Comprehensive UFC fights analysis using machine learning models and stats technics. Contain a written report, code, and data
- 🧹 Data Cleaning: Numpy, Pandas, sklearn (LabelEncoder, SimpleImputer, train_test_split, StandardScaler), xgboost (XGBClassifier).
- 👀 Data Visualization: mathplotlib.pyplot, seaborn, sklearn (plot_tree).
- 🤖 Machine Learning Model: Random Forest, Logistic Regression, Linear Discriminant Analysis, Ridge Regression, Boosting.
- 🎯 Optimization: Standardization, Cross-validation, and Feature selections
Able to predict a fight with a 66.7% accuracy score 🎉 using logistic regression with only data engineering (see below for more info).

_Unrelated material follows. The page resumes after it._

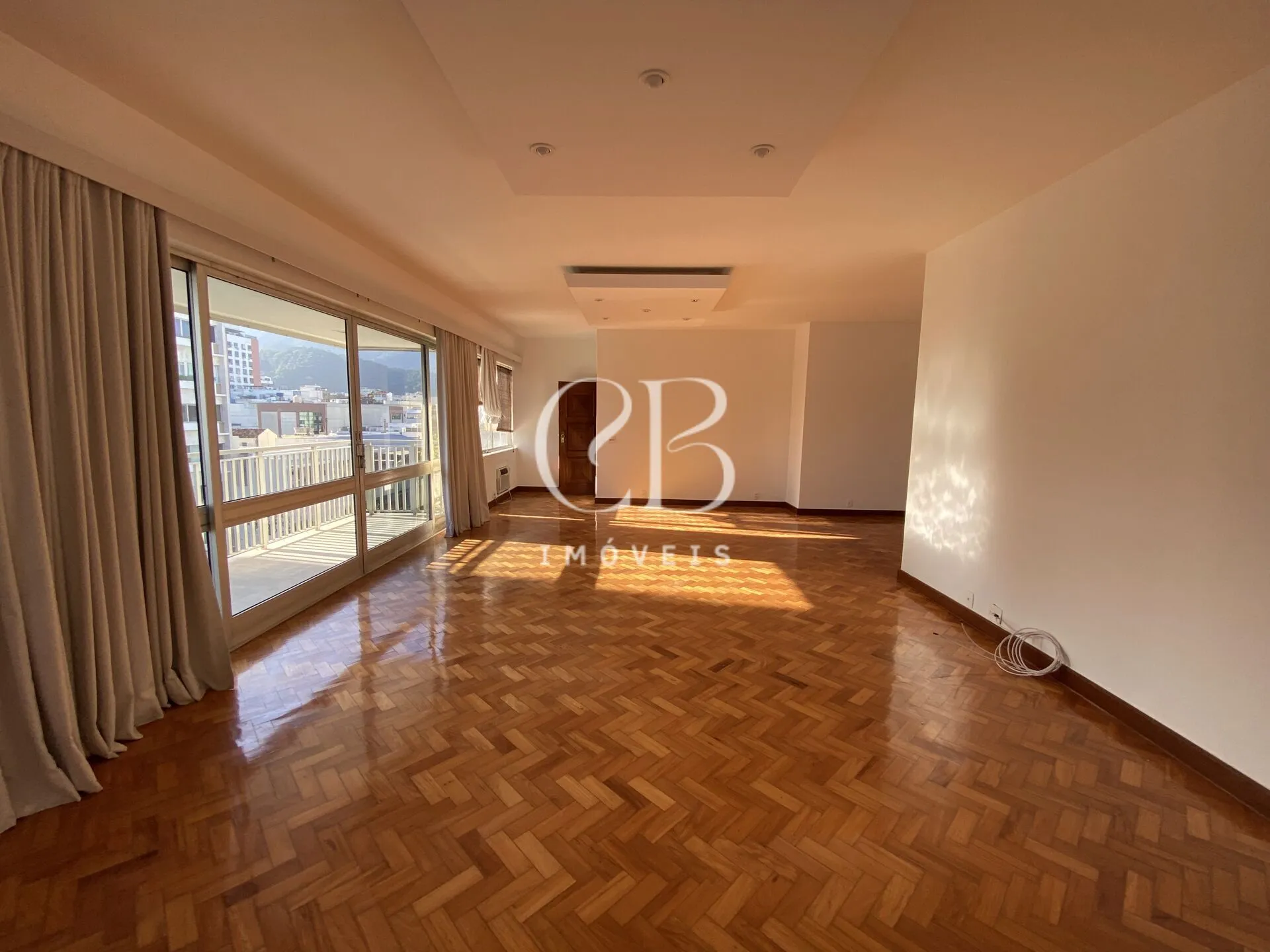 Apartment with 4 bedrooms and a glass-enclosed balcony — photo 54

As the popularity of combat sports continues to rise, many casual viewers fail to grasp the intricacies of mixed martial arts (MMA). In the earlier days of the UFC, when fighters specialized in a single discipline like wrestling or boxing, predicting winners based on fighting style was relatively easier. However, in today's highly competitive landscape, successful fighters must possess a well-rounded understanding of all aspects of MMA, adding complexity to the sport. This paper aims to predict fight outcomes by leveraging historical fight data, fighter records, and physical attributes. Throughout the study, we explore the impact of physical attributes and identify the most effective machine learning model for prediction. Our approach involves feature engineering on the provided dataset, followed by a comparison of models such as logistic regression (LR), linear discriminant analysis (LDA), ridge regression, and boosting, using random forest as a baseline. Furthermore, we employ optimization techniques like standardization, cross-validation, and feature selection to improve accuracy. Surprisingly, logistic regression achieves a 66.7% accuracy score with data engineering alone. Additionally, based on the dataset, we observe a positive correlation between fight winners and advantages in reach/age. This finding suggests a cyclical nature in combat sports, where skill prevails over physical attributes, except when both fighters possess equal skills, in which case physical attributes play a more significant role. In essence, one can overcome a larger opponent with superior skills, but not when the larger opponent possesses equivalent skills.